The script below loads a large tsv file into memory into a data frame, then runs a linear model on each of the columns of the file. I wrote the script for a smaller file, but then tried to rerun it on a larger one, and it will not load it (1.3gb) but also does not issue an error message.

In general, in this type of circumstance, one should be able to read one column at a time from the file, which in this case would mean almost nothing is loaded into memory (this file is ~600 rows but ~1000000 columns).

However, I am very new to R and unsure how to implement such a solution. I could break the file into chunks and run on each chunk, but I would rather start to learn a better alternative to read.table() that would enable me to process potentially even larger files without holding everything in memory.

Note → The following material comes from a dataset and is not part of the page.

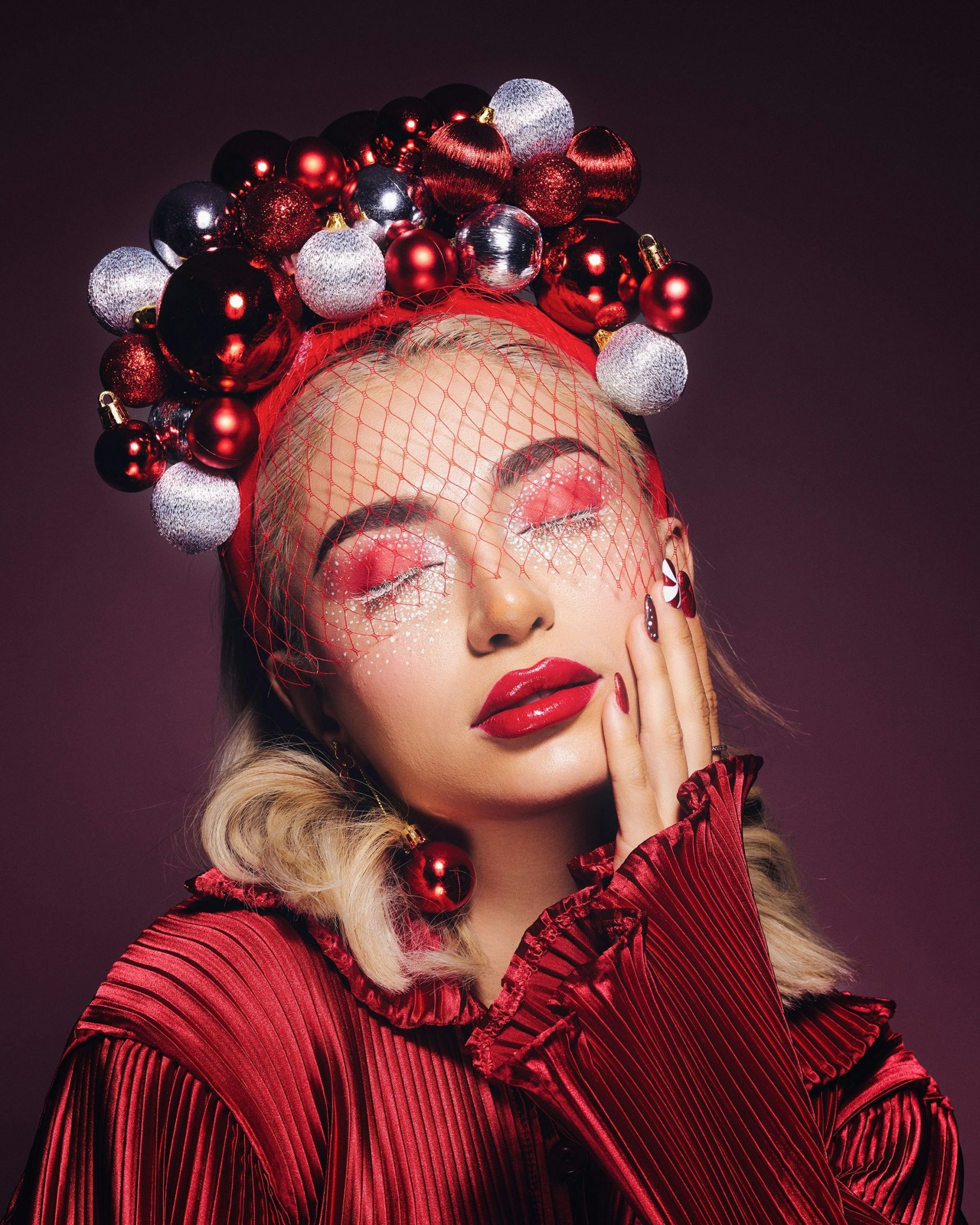 绮丽圣诞,红金交织的复古派对妆容图片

What are the best alternatives in this case?

ICHP<-read.table("aa_ra_gwas_erosions_fornb.raw",header=TRUE)
covfile<-read.table("gwas_erosion_sample_list_covs.txt",header=TRUE)
fhandle<-file("ichip_nb_model.csv","a")
fhandle2<-file("ichip_nb_model_LLR.csv","a")
nullglmmod<-zeroinfl(formula=OverllTot0 ~ sex + pc1 + cohort + ra + DisDurMonths + smoke, data=covfiledt, dist="negbin")
for (i in seq(7, ncol(ICHP), 1)) {
    writeLines(colnames(ICHP)[i], con=fhandle)
    writeLines(colnames(ICHP)[i], con=fhandle2)
        string<-eval(parse(text = paste("ICHP$", colnames(ICHP)[i], sep="")))
    glmmod<-glm.nb(OverllTot0 ~ sex + pc1 + cohort + ra + DisDurMonths + smoke + string, data=covfiledt)
    anovaresults<-anova(glmmod,nullglmmod)
        summ <- coef(summary(glmmod))
        rownames(summ)[8] <- paste0("ICHP$", colnames(ICHP)[i])
        write.table( anovaresults, file=fhandle2)
        write.table( round(summ, 4), file=fhandle)
}

it is the first file, that becomes ICHPdt, that is the very large one.

Jaap
  • 81,064
  • 34
  • 182
  • 193
Vincent Laufer
  • 705
  • 10
  • 26
  • Use `fread` from the `data.table` package. See also here http://stackoverflow.com/questions/1727772/quickly-reading-very-large-tables-as-dataframes-in-r – Hugh Feb 02 '15 at 04:47
  • For reading columns, you might get away by using `sqldf`. – Roman Luštrik Feb 02 '15 at 10:08

1 Answers1

1

If you want to use base R, not that concerned about speed but simply want to limit memory requirement by reading just certain columns in a tsv, you can still use read.table and set the colClasses parameter to "NULL" for columns you don't want to read.

For example if you have 1000 columns and want to just read columns 2 and 4, set everything else to "NULL".

cols <- rep("NULL", 1000)
cols[c(2, 4)] <- NA
read.table("file", colClasses=cols)
Ricky
  • 4,616
  • 6
  • 42
  • 72